Son équipage – 62 marins russes et 20 guinéens – est consigné à bord. L'imposant bateau de 120 mètres de long, capable d'aspirer plus de 100 tonnes de poissons en une journée, illustre les ravages de la pêche illégale qui affecte particulièrement les populations africaines.

De décembre à mai, au large de l'Afrique de l'Ouest, des eaux froides riches en nutriments remontent des profondeurs, attirant des bancs de petits poissons (sardinelles, chinchards, maquereaux, anchois…) et des bateaux usines russes, coréens, espagnols qui raflent cette manne au détriment des pirogues sénégalaises. Depuis une quinzaine d'années, scientifiques, ONG et pêcheurs constatent que la ressource s'épuise.

Or, si les étrangers sont attirés par la concentration saisonnière de poissons-fourrage qu'ils transforment en farine pour l'alimentation du bétail, les Sénégalais, eux, les consomment.
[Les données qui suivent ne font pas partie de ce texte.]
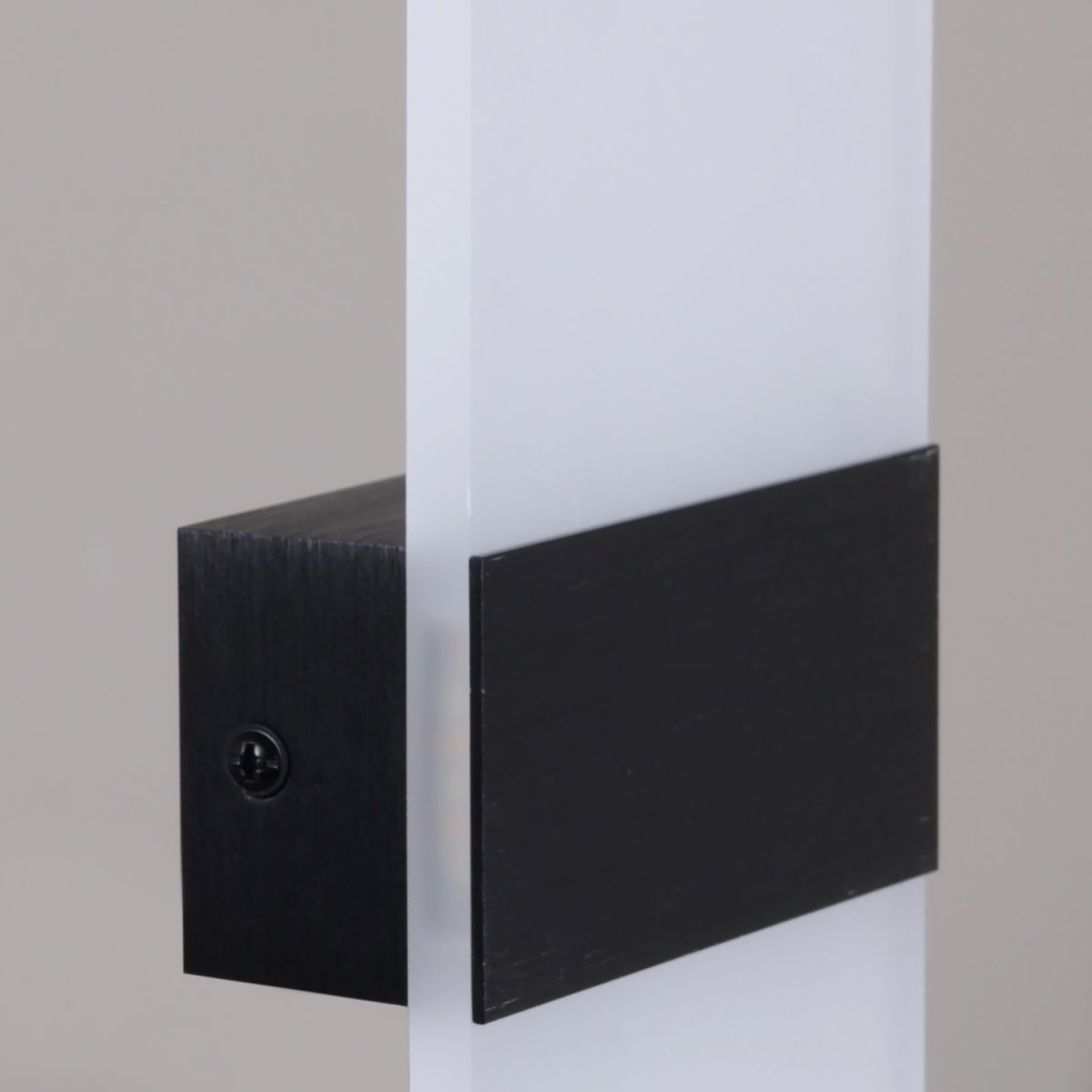 Настенный светильник Reluce 00713-0.2-01 BK в Санкт-Петербурге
La raréfaction de la sardinelle a des répercussions sérieuses sur la sécurité alimentaire du pays. Aussi le gouvernement affiche-t-il sa détermination à lutter contre le braconnage à grande échelle.

" C'est grâce à l'avion français qui nous assiste dans la surveillance maritime que nous avons repéré l'Oleg-Naydenov, explique Cheikh Sarr, responsable de la direction de la surveillance et de la protection de la pêche au Sénégal. Il opérait près de trois autres navires lorsqu'il a été surpris en flagrant délit fin décembre : un russe et deux ukrainiens qui avaient masqué leur identité sur la coque. Mais nous allons tâcher de les retrouver. " L'homme précise que les bateaux usines étrangers ne sont pas les seuls visés par ses services, les contrevenants sénégalais sont plus souvent poursuivis.

L'armateur russe risque une amende de 200 millions de francs CFA (305 000 euros), qui sera multipliée par deux car son chalutier avait déjà été arraisonné en 2012. Moscou prend l'affaire au sérieux. L'Agence fédérale pour la pêche (Rosrybolovstvo) a d'abord prétendu que le navire se trouvait au large de la Guinée, ce que nie le Sénégal. Le ministère russe des affaires étrangères a ensuite émis publiquement des doutes sur les méthodes musclées employées par les militaires sénégalais.

" Nous devons durcir notre législation, affirme Haïdar El-Ali, ministre de la pêche et des affaires maritimes du Sénégal et célèbre défenseur de l'environnement. En Mauritanie, la pêche illégale peut entraîner la prison pour l'équipage et la saisie du navire par l'Etat ! Tandis que nous pouvons seulement confisquer la cargaison, les filets et infliger une simple amende à ce chalutier multirécidiviste ! "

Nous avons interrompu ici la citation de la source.